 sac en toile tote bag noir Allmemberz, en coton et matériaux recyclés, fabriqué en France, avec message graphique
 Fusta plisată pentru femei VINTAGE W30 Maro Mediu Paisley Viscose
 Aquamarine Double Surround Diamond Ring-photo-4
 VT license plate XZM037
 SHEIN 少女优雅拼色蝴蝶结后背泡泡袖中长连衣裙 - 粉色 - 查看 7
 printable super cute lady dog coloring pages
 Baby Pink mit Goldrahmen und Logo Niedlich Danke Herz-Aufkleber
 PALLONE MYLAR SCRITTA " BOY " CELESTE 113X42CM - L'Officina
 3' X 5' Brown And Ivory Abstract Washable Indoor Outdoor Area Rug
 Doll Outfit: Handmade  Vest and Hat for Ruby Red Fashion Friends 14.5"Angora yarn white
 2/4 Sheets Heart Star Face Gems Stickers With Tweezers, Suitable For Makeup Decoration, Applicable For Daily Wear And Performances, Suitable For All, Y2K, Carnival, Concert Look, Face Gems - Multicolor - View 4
========================
Exactly as written above, please repeat the entries.

 sac en toile tote bag noir Allmemberz, en coton et matériaux recyclés, fabriqué en France, avec message graphique
 Fusta plisată pentru femei VINTAGE W30 Maro Mediu Paisley Viscose
 Aquamarine Double Surround Diamond Ring-photo-4
 VT license plate XZM037
 SHEIN 少女优雅拼色蝴蝶结后背泡泡袖中长连衣裙 - 粉色 - 查看 7
 printable super cute lady dog coloring pages
 Baby Pink mit Goldrahmen und Logo Niedlich Danke Herz-Aufkleber
 PALLONE MYLAR SCRITTA " BOY " CELESTE 113X42CM - L'Officina
 3' X 5' Brown And Ivory Abstract Washable Indoor Outdoor Area Rug
 Doll Outfit: Handmade  Vest and Hat for Ruby Red Fashion Friends 14.5"Angora yarn white
 2/4 Sheets Heart Star Face Gems Stickers With Tweezers, Suitable For Makeup Decoration, Applicable For Daily Wear And Performances, Suitable For All, Y2K, Carnival, Concert Look, Face Gems - Multicolor - View 4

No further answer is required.